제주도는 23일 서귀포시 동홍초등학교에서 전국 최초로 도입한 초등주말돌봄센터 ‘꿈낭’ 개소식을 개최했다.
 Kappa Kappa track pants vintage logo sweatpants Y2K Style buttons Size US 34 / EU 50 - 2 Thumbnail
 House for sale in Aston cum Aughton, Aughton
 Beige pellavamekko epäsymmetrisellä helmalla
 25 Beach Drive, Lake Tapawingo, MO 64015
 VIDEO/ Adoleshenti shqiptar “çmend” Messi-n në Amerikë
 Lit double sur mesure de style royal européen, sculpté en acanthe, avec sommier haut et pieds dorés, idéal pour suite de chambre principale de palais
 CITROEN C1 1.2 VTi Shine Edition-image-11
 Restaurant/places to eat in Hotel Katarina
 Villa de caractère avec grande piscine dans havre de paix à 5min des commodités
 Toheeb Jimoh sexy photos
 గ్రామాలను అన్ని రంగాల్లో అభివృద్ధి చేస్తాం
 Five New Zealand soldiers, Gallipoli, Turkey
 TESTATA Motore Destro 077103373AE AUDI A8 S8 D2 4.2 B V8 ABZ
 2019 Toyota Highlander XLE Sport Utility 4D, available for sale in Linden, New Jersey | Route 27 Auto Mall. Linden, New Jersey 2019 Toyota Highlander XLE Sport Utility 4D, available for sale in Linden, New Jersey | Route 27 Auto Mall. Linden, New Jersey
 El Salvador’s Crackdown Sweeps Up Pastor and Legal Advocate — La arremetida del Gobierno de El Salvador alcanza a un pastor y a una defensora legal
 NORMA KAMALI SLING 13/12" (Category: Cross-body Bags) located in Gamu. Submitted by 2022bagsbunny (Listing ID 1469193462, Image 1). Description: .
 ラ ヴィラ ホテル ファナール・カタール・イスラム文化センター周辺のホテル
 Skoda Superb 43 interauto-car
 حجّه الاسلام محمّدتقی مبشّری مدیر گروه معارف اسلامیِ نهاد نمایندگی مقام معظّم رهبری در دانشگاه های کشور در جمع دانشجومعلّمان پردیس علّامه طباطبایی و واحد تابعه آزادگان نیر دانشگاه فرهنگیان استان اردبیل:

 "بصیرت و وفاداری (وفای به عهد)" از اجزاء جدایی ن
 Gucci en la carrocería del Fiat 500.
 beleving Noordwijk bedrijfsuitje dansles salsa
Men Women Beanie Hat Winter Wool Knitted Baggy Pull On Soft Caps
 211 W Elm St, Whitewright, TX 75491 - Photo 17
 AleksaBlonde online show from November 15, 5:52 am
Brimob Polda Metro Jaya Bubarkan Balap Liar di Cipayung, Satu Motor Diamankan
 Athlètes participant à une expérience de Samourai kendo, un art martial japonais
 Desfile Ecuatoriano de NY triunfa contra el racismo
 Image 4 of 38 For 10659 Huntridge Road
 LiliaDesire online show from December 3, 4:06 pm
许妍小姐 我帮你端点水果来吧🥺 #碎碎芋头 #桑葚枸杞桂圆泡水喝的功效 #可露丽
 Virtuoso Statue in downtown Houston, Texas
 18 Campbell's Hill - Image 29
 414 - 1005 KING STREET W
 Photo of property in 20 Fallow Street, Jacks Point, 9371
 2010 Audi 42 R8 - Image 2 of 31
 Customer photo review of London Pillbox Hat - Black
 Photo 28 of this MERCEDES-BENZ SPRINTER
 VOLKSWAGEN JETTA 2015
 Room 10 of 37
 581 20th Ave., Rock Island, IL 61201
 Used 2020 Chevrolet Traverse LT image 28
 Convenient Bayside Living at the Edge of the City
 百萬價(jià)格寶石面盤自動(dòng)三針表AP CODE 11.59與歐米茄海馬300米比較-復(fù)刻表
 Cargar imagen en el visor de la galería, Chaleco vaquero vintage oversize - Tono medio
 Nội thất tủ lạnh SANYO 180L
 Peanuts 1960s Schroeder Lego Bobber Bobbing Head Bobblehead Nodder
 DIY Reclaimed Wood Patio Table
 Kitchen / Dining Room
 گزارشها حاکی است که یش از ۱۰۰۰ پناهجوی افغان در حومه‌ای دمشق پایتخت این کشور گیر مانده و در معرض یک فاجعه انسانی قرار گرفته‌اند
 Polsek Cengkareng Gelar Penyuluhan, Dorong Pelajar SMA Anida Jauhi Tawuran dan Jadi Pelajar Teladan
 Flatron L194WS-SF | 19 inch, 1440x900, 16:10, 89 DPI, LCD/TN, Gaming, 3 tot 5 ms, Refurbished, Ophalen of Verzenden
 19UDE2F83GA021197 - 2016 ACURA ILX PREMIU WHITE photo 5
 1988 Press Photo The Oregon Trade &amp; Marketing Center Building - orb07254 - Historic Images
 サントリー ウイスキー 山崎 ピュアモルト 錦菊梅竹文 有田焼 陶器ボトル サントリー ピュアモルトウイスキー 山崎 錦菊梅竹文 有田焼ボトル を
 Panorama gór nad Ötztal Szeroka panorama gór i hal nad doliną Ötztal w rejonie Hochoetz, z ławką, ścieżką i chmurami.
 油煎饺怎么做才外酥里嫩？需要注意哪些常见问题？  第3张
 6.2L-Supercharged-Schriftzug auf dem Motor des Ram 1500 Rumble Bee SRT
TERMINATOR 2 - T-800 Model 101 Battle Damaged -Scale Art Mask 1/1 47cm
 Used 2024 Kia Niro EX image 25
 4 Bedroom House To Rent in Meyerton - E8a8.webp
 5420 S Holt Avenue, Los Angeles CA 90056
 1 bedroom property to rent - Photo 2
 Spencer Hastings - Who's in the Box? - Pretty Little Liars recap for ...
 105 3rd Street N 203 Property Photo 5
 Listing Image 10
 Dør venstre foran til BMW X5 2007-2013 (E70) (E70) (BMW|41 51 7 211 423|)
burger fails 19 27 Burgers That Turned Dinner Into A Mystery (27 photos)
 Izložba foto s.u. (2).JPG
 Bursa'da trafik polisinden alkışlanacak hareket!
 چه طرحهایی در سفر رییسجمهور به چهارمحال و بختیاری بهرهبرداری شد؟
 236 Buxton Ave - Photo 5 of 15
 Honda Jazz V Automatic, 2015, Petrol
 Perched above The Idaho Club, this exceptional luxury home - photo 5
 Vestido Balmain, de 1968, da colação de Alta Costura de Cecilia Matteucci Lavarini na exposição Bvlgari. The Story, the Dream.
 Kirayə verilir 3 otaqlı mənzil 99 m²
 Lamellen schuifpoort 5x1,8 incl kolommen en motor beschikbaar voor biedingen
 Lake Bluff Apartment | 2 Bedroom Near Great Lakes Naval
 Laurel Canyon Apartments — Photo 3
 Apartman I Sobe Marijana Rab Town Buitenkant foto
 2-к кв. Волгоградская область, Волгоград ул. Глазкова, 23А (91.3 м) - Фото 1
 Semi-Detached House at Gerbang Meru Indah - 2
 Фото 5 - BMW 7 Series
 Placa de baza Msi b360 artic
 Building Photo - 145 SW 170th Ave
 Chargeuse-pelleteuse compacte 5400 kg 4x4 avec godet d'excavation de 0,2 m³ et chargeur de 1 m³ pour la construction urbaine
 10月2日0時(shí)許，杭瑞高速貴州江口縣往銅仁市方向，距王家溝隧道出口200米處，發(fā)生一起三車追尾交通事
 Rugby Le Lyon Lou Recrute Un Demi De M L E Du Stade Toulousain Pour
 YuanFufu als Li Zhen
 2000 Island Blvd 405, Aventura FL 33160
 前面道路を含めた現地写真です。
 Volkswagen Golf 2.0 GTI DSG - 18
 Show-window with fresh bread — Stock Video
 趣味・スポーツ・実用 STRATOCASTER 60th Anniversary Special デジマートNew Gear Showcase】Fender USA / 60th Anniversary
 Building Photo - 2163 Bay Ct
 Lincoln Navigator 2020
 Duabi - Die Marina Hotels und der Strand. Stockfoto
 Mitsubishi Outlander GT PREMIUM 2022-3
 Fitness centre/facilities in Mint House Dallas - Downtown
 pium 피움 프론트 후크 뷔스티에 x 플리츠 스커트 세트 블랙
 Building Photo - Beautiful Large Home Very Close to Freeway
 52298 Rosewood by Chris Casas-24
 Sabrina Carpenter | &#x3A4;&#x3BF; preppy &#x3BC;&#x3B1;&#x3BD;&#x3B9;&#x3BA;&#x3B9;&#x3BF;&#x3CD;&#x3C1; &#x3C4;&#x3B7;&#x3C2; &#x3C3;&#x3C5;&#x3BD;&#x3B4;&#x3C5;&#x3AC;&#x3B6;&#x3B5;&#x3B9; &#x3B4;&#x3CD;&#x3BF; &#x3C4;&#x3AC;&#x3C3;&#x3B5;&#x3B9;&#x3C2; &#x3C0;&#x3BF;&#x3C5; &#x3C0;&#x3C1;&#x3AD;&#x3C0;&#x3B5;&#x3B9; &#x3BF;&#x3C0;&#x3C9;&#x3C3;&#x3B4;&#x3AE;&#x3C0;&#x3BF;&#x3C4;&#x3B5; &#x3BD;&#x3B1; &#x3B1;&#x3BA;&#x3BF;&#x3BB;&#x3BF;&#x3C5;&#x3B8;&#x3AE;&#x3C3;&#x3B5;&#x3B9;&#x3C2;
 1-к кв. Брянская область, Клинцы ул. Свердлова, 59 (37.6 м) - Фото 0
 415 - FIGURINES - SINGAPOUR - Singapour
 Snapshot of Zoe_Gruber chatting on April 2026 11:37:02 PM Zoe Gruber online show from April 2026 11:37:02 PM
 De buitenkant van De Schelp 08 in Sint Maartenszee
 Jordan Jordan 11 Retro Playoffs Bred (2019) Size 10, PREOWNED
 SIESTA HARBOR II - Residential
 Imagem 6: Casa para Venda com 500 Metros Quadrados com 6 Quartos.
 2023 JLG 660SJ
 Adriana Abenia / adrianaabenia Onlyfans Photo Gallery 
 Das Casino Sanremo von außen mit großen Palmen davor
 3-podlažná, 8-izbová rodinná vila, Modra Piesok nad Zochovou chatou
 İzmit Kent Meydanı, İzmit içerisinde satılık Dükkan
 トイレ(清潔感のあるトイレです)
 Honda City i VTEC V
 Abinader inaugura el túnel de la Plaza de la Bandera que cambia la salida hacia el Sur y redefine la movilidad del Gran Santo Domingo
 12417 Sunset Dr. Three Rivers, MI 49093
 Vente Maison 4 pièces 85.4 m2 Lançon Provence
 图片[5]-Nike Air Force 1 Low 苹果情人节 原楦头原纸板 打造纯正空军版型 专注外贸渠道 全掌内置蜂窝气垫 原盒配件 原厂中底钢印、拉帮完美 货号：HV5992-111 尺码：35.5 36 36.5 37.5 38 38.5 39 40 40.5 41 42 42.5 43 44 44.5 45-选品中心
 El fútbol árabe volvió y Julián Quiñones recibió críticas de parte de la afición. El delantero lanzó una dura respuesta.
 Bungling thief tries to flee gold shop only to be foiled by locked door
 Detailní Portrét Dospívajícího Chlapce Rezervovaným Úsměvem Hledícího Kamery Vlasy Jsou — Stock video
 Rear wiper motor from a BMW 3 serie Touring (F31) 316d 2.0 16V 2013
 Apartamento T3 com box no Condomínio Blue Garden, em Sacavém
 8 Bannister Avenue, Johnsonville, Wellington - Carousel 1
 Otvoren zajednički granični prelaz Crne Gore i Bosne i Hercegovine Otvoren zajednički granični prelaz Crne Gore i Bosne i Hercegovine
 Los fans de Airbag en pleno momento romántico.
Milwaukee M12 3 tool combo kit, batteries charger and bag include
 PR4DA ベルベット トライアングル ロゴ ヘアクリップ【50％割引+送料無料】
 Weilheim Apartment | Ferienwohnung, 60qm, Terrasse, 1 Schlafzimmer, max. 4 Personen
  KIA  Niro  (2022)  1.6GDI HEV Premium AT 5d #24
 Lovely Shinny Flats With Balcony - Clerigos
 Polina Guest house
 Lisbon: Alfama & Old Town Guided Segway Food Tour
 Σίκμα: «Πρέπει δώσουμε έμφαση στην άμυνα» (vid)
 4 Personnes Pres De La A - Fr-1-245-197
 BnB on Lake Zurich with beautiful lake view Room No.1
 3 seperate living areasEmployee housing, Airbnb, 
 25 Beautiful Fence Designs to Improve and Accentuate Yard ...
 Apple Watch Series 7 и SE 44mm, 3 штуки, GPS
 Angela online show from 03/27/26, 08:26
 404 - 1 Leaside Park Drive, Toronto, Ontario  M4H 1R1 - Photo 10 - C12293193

****************************************

Every line from the start of the listing through the line with "beleving Noordwijk bedrijfsuitje" should be reproduced exactly, and no other line.

→ **Answer below**
제주도는 23일 서귀포시 동홍초등학교에서 전국 최초로 도입한 초등주말돌봄센터 ‘꿈낭’ 개소식을 개최했다.
 Kappa Kappa track pants vintage logo sweatpants Y2K Style buttons Size US 34 / EU 50 - 2 Thumbnail
 House for sale in Aston cum Aughton, Aughton
 Beige pellavamekko epäsymmetrisellä helmalla
 25 Beach Drive, Lake Tapawingo, MO 64015
 VIDEO/ Adoleshenti shqiptar “çmend” Messi-n në Amerikë
 Lit double sur mesure de style royal européen, sculpté en acanthe, avec sommier haut et pieds dorés, idéal pour suite de chambre principale de palais
 CITROEN C1 1.2 VTi Shine Edition-image-11
 Restaurant/places to eat in Hotel Katarina
 Villa de caractère avec grande piscine dans havre de paix à 5min des commodités
 Toheeb Jimoh sexy photos
 గ్రామాలను అన్ని రంగాల్లో అభివృద్ధి చేస్తాం
 Five New Zealand soldiers, Gallipoli, Turkey
 TESTATA Motore Destro 077103373AE AUDI A8 S8 D2 4.2 B V8 ABZ
 2019 Toyota Highlander XLE Sport Utility 4D, available for sale in Linden, New Jersey | Route 27 Auto Mall. Linden, New Jersey 2019 Toyota Highlander XLE Sport Utility 4D, available for sale in Linden, New Jersey | Route 27 Auto Mall. Linden, New Jersey
 El Salvador’s Crackdown Sweeps Up Pastor and Legal Advocate — La arremetida del Gobierno de El Salvador alcanza a un pastor y a una defensora legal
 NORMA KAMALI SLING 13/12" (Category: Cross-body Bags) located in Gamu. Submitted by 2022bagsbunny (Listing ID 1469193462, Image 1). Description: .
 ラ ヴィラ ホテル ファナール・カタール・イスラム文化センター周辺のホテル
 Skoda Superb 43 interauto-car
 حجّه الاسلام محمّدتقی مبشّری مدیر گروه معارف اسلامیِ نهاد نمایندگی مقام معظّم رهبری در دانشگاه های کشور در جمع دانشجومعلّمان پردیس علّامه طباطبایی و واحد تابعه آزادگان نیر دانشگاه فرهنگیان استان اردبیل:

 "بصیرت و وفاداری (وفای به عهد)" از اجزاء جدایی ن
 Gucci en la carrocería del Fiat 500.
 beleving Noordwijk bedrijfsuitje dansles salsa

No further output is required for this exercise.